Records excerpted from a collection:
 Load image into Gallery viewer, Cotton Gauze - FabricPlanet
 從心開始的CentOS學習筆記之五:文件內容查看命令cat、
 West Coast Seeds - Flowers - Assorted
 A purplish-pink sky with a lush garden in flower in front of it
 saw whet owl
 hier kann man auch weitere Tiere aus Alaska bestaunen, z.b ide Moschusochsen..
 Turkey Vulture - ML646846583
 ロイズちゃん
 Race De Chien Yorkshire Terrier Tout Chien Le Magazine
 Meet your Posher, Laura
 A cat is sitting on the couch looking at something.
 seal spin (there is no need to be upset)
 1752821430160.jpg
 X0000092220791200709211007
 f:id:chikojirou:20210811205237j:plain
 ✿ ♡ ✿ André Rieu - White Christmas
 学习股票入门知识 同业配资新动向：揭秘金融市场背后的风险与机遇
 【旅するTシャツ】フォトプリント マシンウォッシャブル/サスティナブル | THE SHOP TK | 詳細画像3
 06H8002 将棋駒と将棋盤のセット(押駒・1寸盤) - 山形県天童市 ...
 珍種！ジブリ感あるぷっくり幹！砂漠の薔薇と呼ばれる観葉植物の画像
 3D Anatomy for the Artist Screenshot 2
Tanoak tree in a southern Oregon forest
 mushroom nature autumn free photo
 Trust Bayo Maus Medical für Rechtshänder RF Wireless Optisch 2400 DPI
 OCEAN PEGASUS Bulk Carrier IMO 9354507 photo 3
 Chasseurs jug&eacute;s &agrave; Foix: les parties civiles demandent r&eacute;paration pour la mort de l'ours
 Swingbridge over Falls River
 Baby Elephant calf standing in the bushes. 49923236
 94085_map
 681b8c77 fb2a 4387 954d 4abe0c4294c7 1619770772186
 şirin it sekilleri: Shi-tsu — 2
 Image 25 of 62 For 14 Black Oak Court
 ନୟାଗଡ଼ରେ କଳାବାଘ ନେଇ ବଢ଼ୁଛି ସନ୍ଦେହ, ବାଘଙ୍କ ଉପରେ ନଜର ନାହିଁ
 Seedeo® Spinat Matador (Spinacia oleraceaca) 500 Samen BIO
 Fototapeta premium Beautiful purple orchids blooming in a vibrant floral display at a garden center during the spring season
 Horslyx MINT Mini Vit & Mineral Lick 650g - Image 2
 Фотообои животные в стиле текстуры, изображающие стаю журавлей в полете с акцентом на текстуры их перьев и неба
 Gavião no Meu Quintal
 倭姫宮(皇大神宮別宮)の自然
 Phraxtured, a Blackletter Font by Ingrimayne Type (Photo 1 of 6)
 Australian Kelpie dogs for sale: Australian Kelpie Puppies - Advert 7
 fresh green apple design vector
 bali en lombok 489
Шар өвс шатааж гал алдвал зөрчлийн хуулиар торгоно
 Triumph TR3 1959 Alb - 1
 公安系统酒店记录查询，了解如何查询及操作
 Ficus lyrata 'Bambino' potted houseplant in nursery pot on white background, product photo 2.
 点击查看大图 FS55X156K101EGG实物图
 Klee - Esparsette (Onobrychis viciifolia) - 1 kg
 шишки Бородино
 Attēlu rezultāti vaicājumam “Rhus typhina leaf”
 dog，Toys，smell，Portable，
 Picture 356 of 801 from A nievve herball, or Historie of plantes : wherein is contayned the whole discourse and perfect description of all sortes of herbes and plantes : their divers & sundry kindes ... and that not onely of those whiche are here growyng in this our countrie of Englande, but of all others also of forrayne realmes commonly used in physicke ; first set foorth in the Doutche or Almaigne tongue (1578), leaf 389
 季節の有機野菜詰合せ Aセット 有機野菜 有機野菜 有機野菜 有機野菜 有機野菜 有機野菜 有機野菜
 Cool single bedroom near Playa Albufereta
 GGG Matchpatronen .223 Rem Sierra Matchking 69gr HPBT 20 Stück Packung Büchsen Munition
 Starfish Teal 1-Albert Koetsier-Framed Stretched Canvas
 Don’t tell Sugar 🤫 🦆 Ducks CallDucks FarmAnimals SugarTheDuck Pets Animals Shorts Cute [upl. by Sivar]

* _Problem statement_: Once you have identified the lines above that contain "garden", copy each of them.

* _Solution for this task_:
 A purplish-pink sky with a lush garden in flower in front of it
 Fototapeta premium Beautiful purple orchids blooming in a vibrant floral display at a garden center during the spring season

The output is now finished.